James Lewis of the Center for Strategic and International Studies describes the strike as a test of which agencies were prepared and which weren't. The results, he says, were decidedly mixed.
"We can't expect to have this uneven, catch-as-catch-can defense and not suffer something more consequential if a more sophisticated opponent were to attack us," Lewis says.
Experts say this was not a major strike. Attacks apparently came from thousands, rather than millions, of hijacked computers. This type of operation is known as a "distributed denial of service" attack, in which sites are flooded with information, thereby preventing legitimate users from accessing a Web page.
The most significant impact was in South Korea. Lawmakers there have said the attack came from North Korea. American officials say it's too early to know that for sure.
"North Korea is maybe not the least savvy about the Internet of all the countries of the world, but it's got to be in the bottom 10 percent," says former Homeland Security official Stewart Baker. "If even they can launch an attack that has an impact, then we all ought to be worried about what more sophisticated countries can do."
Before Baker was head of policy at Homeland Security, he was the National Security Agency's top lawyer. He says waging cyberattacks has become much easier in the past decade. Organized criminal operations run massive networks of zombie computers, and anyone can pay to use them.

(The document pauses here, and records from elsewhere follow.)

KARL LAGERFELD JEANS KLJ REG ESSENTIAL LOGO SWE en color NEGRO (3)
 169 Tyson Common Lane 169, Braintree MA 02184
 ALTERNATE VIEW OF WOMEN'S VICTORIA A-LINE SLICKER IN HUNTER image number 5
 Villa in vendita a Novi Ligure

Cybersecurity expert Aaron Phillip of Navigant Consulting describes "software packages you can buy off the shelf that will do this type of work."
"You take the software package, customize it for exactly what you want to go after, and deploy it," Phillip says. "You can rent time on these exploited networks."

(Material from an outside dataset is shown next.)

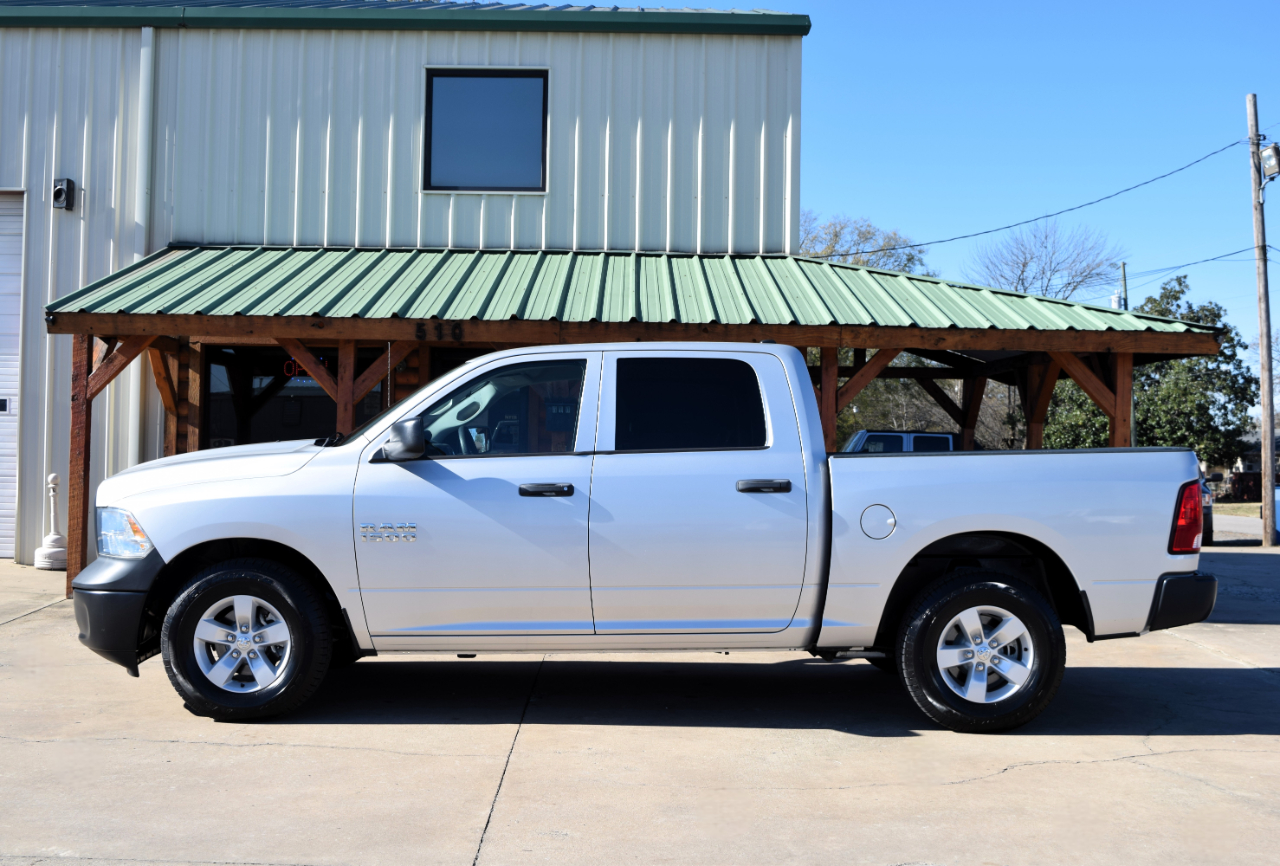 RAM 1500 Tradesman Crew Cab SWB 2WD 2016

Says Lewis of the Center for Strategic and International Studies: "It's like warfare in the Middle Ages. You can go out and hire mercenary bands."
But it is unlike traditional warfare in one important way.
"It's extremely difficult to tell where these attacks come from," says professor Eugene Spafford of Purdue University. "These kinds of distributed attacks can make use of compromised machines around the world that are controlled indirectly by one person sitting at a desk who knows where."
The anonymity of these attacks makes it hard for a government to respond.
The incidents of the past few days are hardly significant enough to be considered an act of war.
But former Homeland Security official Baker says things could get much worse.
"While I was at the department," Baker recalls, "we discovered a flaw in the software of generators that are used for large power plants that actually could cause the generator to tear itself to pieces."
This is the real concern that Lewis and others share. He describes the current incident as "a crowd in the street banging on the front door. What we need to worry about is someone on the inside who engages in sabotage," says Lewis.
And experts such as Baker believe American defenses are not as good as they need to be.
"I think if you talk to private industry or officials responsible for protecting our networks, they would all say they feel less secure now than they did five years ago," Baker says.
As for the likelihood of a catastrophic cyberattack, Baker says the financial meltdown and Hurricane Katrina taught him this lesson: If something seems bound to happen sooner or later, eventually it will actually happen.